Bad Proxies Hurt the Web
When a Web server doesn’t interoperate with the rest of the Web well it becomes apparent pretty quickly, and the person running it either gets it fixed, or uses another server; it’s pretty simple. Likewise, if your Web browser makes it difficult to browse your favourite site, you know what happens next: the barrier to switching browsers has never been lower.
However, proxies are awkward. When they go bad, Web sites can’t do anything about it, and users can only complain to faceless IT departments who don’t have much time and frankly probably care even less.
So, when a problem is introduced into a proxy, it affects the whole Web, badly.

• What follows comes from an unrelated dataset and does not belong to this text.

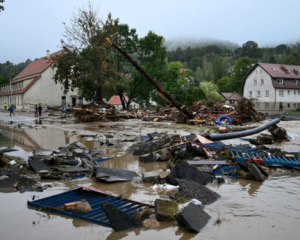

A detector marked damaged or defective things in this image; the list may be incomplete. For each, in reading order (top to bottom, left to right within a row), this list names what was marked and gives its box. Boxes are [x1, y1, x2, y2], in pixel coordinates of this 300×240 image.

bent metal pole [105, 37, 195, 119]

Polipo, for example**, doesn’t honour the Cache-Control: private directive, which breaks the very important contract between servers and caches; now, when you’re setting your Cache-Control headers, you either have to accept that the very small number of people who use Polipo as a shared cache may see each others’ content, or you have to bend over backwards, wasting bytes (and money!) to send other directives that Polipo will follow. And, even if the Polipo guys decide to fix it, there’s no guarantee that existing deployments will be upgraded anytime soon.
In other words, the privileged position of a proxy has great power (to muck things up), and correspondingly great responsibility to get it right, because at their hearts, protocols are agreement, and when you don’t honour them, you don’t communicate.
So, what should proxies (and proxy frameworks) do? And, what should you look for when you’re shopping for one to deploy? Here’s a baker’s dozen of things to keep in mind.
0. Advertise HTTP/1.1 Correctly
HTTP/1.1 is the current version spoken on the Internet, and as long as the proxy implements it correctly (in particular, it handles chunked encoding correctly), it should always advertise itself as HTTP/1.1 conformant.
This means that the top line of requests and responses should always contain
HTTP/1.1 as the version identifier, even when talking to something that says it’s
The reason for this is that HTTP 1.1 defines not only how to talk to 1.1 devices, but also to 1.0 ones. When a
HTTP/1.0 message contains a 1.1 mechanism like
Cache-Control, its meaning doesn’t change, and should still be respected.
See the spec for more information.
1. Remove Hop-by-hop Headers
The number one thing that proxies must do is remove hop-by-hop headers before forwarding messages — both requests and responses. This means that the Connection header and any header it lists MUST be removed, as well as TE, Transfer-Encoding, Keep-Alive, Proxy-Authorization, Proxy-Authentication, Trailer and Upgrade.
Proxies that don’t do the right thing here will make it impossible to deploy new hop-by-hop mechanisms, and can introduce security vulnerabilities. For example, if transfer-encoding isn’t stripped, it can cause confusion about the message delimitation, as well as cause interop problems.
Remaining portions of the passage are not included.